### About this exercise:
In the entries below, the lines from the one with "13 Holly Street, Kingsville, ON" through the one with "Title: Double size" are to be copied exactly; both ends count.

Records drawn from a dataset:

_ _ _ _ _ _ _

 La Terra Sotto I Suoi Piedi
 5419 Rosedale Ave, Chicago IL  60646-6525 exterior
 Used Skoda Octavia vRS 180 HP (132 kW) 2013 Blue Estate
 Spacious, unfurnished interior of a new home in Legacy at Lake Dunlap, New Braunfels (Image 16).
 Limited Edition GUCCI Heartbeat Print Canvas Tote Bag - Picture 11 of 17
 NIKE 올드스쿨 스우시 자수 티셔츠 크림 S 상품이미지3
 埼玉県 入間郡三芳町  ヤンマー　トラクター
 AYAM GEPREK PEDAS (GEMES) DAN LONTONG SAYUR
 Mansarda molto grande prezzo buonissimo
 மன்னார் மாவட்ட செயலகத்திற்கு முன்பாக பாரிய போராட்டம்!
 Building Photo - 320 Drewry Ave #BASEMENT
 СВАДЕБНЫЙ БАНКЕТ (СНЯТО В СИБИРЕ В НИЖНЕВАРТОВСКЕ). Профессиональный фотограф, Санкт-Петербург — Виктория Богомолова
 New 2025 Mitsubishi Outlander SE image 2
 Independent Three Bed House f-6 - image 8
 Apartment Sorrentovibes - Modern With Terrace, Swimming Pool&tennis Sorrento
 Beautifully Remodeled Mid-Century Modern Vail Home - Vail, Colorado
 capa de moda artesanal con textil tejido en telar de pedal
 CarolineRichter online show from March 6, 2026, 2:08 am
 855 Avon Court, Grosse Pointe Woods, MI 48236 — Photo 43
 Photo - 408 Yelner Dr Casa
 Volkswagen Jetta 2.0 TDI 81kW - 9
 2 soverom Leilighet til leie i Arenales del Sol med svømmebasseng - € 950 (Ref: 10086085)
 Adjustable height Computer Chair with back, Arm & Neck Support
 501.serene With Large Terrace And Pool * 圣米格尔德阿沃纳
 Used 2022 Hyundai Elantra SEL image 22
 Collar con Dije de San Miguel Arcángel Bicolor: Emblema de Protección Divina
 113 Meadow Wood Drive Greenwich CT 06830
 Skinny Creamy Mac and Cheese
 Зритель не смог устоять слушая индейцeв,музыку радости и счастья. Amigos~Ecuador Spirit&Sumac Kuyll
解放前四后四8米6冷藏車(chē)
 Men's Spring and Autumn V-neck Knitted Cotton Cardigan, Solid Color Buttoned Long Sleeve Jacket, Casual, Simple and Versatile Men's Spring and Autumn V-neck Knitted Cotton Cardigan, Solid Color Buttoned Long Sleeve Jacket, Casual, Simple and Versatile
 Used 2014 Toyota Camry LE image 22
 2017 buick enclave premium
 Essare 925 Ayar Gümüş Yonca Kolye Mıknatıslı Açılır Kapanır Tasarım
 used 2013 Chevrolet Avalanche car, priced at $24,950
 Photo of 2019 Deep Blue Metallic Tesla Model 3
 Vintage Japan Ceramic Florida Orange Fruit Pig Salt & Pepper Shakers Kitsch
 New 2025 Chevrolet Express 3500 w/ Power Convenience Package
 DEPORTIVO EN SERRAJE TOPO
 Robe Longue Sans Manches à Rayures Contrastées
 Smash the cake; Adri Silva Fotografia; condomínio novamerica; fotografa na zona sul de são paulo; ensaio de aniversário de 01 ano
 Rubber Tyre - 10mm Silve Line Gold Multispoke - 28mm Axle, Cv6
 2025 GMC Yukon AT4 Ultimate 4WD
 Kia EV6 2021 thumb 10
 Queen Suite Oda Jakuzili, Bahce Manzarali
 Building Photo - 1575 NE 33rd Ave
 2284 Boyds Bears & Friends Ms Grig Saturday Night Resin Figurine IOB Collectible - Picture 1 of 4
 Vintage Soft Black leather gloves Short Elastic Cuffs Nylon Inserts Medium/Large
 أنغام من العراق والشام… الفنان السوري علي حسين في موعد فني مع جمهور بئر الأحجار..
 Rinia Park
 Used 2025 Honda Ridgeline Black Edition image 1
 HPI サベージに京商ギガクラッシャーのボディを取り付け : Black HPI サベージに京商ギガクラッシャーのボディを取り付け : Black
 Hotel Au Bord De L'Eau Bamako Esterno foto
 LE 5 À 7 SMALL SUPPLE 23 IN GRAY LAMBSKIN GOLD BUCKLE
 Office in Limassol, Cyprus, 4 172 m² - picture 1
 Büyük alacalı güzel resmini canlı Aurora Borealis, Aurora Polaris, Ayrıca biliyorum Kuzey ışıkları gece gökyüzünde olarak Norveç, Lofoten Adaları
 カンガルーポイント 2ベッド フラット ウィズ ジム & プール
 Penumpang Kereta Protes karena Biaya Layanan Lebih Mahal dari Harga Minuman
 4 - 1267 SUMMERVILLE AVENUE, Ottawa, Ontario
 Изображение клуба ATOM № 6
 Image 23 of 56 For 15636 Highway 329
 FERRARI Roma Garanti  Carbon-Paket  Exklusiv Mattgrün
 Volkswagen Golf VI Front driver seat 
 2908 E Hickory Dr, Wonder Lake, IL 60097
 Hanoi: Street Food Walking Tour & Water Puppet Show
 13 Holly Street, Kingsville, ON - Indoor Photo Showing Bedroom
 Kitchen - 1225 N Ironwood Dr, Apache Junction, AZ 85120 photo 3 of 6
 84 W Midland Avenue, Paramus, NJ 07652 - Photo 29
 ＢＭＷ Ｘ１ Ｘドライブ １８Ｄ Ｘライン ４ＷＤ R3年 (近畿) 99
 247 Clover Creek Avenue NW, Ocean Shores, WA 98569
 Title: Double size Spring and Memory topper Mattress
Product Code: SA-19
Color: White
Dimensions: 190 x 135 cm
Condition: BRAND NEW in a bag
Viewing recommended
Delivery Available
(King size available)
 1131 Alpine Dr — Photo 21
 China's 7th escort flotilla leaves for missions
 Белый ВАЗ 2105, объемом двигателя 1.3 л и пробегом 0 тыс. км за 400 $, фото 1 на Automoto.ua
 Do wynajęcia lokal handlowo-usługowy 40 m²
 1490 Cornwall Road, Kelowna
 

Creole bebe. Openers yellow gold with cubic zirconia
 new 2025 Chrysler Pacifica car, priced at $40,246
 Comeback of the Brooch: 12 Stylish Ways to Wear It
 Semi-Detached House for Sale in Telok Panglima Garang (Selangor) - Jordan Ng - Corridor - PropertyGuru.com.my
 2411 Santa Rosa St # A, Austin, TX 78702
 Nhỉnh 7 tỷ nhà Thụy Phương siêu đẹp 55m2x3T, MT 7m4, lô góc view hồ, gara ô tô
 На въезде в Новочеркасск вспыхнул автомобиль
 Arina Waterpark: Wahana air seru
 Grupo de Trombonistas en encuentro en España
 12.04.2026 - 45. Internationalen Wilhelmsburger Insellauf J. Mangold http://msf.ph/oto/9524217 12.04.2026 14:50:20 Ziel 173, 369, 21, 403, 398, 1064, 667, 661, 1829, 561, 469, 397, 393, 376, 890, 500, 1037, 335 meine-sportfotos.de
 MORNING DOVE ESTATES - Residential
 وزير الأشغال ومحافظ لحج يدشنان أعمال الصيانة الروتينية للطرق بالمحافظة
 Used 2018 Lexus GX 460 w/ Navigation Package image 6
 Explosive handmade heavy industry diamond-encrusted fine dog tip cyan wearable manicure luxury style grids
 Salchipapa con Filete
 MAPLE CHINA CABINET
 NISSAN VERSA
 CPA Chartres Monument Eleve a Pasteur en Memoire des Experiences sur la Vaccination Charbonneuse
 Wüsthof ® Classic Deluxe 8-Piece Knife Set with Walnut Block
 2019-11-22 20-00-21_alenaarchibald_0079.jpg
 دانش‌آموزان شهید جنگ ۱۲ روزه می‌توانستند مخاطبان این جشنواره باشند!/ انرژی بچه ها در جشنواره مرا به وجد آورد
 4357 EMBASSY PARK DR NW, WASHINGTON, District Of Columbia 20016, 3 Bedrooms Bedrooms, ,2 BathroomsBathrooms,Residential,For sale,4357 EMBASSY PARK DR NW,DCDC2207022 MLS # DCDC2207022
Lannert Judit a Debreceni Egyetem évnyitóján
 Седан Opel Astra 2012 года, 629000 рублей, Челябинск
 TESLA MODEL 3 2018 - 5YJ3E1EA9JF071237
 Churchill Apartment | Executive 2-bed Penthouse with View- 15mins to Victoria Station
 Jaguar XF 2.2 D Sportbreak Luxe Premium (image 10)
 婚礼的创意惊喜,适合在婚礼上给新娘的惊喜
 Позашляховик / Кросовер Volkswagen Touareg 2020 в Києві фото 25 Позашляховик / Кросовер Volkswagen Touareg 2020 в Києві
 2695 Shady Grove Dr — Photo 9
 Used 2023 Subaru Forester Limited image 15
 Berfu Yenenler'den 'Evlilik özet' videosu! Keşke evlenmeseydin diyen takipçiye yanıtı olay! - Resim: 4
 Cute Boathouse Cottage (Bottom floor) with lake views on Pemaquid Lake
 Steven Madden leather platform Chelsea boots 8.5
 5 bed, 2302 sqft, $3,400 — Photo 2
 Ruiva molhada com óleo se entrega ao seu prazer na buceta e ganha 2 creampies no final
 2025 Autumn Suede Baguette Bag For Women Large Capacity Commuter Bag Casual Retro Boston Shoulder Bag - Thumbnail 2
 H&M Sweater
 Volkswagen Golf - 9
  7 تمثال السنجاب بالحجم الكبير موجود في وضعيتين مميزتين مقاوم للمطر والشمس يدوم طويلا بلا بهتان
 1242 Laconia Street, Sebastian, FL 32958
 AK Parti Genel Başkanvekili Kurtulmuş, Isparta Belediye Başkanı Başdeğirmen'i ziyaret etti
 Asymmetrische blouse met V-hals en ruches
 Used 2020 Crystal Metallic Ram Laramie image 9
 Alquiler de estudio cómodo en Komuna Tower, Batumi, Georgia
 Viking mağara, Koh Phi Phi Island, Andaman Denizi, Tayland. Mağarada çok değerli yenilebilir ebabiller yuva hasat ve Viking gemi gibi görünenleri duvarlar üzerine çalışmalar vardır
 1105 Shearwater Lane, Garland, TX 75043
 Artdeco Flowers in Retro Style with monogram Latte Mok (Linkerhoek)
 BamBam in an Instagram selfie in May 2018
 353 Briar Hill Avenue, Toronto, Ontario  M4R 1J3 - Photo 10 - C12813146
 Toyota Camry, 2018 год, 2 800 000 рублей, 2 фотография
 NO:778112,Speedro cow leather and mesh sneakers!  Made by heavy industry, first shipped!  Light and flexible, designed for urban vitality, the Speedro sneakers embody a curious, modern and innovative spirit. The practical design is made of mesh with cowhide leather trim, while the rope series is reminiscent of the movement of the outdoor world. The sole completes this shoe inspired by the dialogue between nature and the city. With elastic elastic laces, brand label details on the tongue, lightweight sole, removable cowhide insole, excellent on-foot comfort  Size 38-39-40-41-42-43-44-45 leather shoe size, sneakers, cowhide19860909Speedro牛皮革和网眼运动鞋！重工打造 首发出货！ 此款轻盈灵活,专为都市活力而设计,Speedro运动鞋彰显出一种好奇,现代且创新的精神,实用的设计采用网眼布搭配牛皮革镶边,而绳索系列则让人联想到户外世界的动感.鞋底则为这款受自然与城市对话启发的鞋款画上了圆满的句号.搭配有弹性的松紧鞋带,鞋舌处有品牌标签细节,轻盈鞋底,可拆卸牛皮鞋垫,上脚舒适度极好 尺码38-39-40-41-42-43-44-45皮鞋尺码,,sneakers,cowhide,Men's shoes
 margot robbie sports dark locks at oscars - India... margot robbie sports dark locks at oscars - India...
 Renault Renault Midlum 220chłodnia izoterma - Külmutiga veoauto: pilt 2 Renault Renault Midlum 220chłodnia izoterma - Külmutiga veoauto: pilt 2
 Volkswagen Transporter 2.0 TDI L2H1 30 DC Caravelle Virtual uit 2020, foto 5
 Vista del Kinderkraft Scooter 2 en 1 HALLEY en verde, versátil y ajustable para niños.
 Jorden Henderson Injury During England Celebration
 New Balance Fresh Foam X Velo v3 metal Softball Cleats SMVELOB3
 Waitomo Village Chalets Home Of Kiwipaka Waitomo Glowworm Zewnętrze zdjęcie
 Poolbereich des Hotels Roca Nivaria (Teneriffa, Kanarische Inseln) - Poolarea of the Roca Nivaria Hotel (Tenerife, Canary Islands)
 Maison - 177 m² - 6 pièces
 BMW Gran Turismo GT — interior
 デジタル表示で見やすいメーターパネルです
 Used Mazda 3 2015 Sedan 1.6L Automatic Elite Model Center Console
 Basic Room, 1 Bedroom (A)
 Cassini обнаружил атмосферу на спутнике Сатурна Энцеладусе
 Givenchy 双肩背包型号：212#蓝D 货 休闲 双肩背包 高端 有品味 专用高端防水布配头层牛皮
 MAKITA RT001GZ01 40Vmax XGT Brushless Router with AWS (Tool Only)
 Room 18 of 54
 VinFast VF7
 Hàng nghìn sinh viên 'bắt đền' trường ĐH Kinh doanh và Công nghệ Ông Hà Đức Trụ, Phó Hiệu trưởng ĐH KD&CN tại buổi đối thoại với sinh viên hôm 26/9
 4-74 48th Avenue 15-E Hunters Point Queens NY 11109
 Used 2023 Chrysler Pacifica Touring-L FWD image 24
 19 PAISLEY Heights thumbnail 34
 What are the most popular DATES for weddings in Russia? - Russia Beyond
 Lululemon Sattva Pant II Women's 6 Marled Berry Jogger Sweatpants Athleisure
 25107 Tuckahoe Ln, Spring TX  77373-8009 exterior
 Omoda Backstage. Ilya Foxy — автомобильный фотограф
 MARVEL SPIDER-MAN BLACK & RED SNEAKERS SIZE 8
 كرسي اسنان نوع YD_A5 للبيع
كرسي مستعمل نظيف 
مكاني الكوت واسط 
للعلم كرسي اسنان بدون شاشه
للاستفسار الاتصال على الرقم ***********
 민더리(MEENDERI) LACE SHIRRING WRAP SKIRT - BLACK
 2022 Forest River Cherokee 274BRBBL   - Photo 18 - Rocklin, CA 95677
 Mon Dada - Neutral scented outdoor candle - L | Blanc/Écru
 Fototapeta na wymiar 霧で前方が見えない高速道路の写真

_ _ _ _ _ _ _

### Response:
 13 Holly Street, Kingsville, ON - Indoor Photo Showing Bedroom
 Kitchen - 1225 N Ironwood Dr, Apache Junction, AZ 85120 photo 3 of 6
 84 W Midland Avenue, Paramus, NJ 07652 - Photo 29
 ＢＭＷ Ｘ１ Ｘドライブ １８Ｄ Ｘライン ４ＷＤ R3年 (近畿) 99
 247 Clover Creek Avenue NW, Ocean Shores, WA 98569
 Title: Double size Spring and Memory topper Mattress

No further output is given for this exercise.